Bookmobile Running Again in Door County

The Door County Bookmobile is on the road again.

The bookmobile for nearly 40 years traveled through the county to provide library access in rural areas before breaking down in 1989.

It was subsequently purchased by the late John Enigl, a historian who used the vehicle to store his own book collection on his Town of Egg Harbor property. It stayed there until 2014 when the Egg Harbor Historical Society (EHHS) purchased it, raised money and restored it to a working condition.

Back on the road officially on March 13, the bookmobile took groups out for short rides from Reese’s Body Shop south of Sturgeon Bay – where a new chassis and engine had been put in – and headed north in the county, including a stop in Baileys Harbor in front of the Peninsula Pulse office near the town hall and library.

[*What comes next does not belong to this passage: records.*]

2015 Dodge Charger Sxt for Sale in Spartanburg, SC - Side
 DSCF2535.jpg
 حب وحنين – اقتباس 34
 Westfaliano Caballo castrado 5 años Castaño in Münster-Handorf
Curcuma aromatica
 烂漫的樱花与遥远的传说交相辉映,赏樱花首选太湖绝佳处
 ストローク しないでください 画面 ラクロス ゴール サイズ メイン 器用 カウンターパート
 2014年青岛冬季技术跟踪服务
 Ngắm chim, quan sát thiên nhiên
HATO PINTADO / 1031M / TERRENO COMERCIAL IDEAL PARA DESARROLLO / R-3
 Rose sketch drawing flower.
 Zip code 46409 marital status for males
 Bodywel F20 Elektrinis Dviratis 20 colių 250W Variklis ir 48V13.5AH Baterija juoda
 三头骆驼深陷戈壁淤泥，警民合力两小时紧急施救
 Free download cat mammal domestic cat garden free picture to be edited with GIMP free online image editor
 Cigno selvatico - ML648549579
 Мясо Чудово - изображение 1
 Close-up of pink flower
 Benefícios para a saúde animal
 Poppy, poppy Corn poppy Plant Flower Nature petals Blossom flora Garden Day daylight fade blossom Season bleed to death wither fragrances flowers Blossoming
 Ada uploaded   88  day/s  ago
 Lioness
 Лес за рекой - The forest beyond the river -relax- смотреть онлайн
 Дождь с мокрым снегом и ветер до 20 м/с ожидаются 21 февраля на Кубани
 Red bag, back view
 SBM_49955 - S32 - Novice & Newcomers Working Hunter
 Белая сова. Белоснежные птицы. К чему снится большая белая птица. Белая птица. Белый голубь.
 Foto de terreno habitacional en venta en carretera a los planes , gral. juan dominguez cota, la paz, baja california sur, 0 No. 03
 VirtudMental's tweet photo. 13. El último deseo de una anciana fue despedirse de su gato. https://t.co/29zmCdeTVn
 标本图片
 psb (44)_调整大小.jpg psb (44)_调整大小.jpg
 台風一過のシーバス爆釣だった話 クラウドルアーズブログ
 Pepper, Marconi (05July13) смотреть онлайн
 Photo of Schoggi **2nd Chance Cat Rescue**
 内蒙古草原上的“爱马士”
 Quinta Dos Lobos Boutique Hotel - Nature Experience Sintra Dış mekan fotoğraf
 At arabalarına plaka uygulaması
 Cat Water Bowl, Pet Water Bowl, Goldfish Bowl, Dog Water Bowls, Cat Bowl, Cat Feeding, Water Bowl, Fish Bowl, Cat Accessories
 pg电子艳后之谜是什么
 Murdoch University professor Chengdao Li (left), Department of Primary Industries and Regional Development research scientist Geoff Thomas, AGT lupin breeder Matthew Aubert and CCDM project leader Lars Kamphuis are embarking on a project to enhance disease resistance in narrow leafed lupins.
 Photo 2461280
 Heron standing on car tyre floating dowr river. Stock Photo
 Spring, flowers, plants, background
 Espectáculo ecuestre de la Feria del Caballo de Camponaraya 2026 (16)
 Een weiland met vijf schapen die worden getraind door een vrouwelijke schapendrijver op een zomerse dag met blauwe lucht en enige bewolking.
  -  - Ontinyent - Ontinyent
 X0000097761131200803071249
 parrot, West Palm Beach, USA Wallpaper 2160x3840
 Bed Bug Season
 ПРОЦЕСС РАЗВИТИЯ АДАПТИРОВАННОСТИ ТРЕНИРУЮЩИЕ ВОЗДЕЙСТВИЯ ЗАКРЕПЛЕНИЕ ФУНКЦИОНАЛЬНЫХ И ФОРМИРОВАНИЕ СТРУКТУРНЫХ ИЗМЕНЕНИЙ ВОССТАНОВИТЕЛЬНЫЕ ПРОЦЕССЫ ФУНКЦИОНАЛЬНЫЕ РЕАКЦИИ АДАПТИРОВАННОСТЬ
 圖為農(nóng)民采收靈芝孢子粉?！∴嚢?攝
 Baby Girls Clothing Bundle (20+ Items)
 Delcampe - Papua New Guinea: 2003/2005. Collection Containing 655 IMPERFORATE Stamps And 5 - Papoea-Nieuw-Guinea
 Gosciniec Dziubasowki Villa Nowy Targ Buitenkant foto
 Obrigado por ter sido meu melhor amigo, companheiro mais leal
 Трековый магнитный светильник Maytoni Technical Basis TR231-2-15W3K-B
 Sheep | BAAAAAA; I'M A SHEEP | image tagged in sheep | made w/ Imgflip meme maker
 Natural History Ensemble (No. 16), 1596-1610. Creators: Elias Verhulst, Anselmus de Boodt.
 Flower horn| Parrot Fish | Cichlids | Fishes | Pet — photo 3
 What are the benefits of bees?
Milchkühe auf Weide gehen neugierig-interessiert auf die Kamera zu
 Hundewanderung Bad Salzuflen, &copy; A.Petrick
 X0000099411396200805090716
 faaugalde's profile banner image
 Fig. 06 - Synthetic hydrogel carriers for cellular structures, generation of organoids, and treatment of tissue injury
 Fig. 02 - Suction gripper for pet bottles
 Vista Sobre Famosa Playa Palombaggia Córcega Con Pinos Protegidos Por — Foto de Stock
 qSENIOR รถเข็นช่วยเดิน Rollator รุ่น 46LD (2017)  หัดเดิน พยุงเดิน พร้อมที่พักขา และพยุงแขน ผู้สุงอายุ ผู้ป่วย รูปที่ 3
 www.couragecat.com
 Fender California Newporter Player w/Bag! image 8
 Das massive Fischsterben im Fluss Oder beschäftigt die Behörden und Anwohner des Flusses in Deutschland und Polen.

Behind the wheel was John Sawyer, who was one of those instrumental in the bookmobile’s restoration project, with Egg Harbor Historical Society board member and bookmobile project co-chair, Carey Bertschinger, along for the ride.

“It goes about 52 mph,” Sawyer said.

With the bookmobile now running and also restored on the exterior, Sawyer said the interior cabinets will now be refinished in Sister Bay by Steve Fischer.

“We’re going to put a whole new floor down, and when that’s done it’s going to go back to Reese’s [Body Shop] for the final little trim work and things,” Sawyer said.

Bertschinger said future plans include equipping it with features it didn’t have originally.

“We’re getting a mobile Wi-Fi, so that we can plug into the internet, regardless of what village [or town] we’re in,” she said. “And it’s going to be all the way from Washington Island down to Southern Door.”

Parades are in the bookmobile’s immediate future – Fourth of July in Egg Harbor and Baileys Harbor, for example – and having enough volunteers to show the bookmobile around is a top priority.

“We need to make sure that we have enough people that can drive it, help clean it and get it ready for the next event,” Bertschinger said.

Bertschinger said no CDL license is needed to drive the bookmobile, and two people have already volunteered to drive the automatic transmission vehicle.

“But we need more than two drivers, if we’re going to do multiple events,” she said.

Bertschinger said the EHHS will be transferring the title of the bookmobile to a 501c3 established for it – Door County Bookmobile, Inc. – during an event at Horseshoe Bay Farms on June 21 from 3-6 pm. 

Along with promoting the history of the bookmobile, Sawyer said future plans for it include having book giveaways for K-2 students, and later on working toward checking out donated books.

“We won’t be associated with the [Door County Library], but if the library decides they want to budget money and put it within their system, they can do that for so many days,” he said.

Also this month, the Egg Harbor Village Board approved a $1-per year, five-year lease for the bookmobile and EHHS to share office space within the former village visitor center building east of the post office.

When asked how long he’d like to see the bookmobile operate, Sawyer said “forever.”

“We’re raising a lot of dollars to put it back [in operation], and we want to keep it going,” he said. “We have a system set up, the board of directors, that we see that once we get it on the road, it will continue as a historical piece, educational piece for the county for many years to come.”

The bookmobile restoration project includes a $500,000 fundraising goal that’s being raised through grants, donations and fundraisers.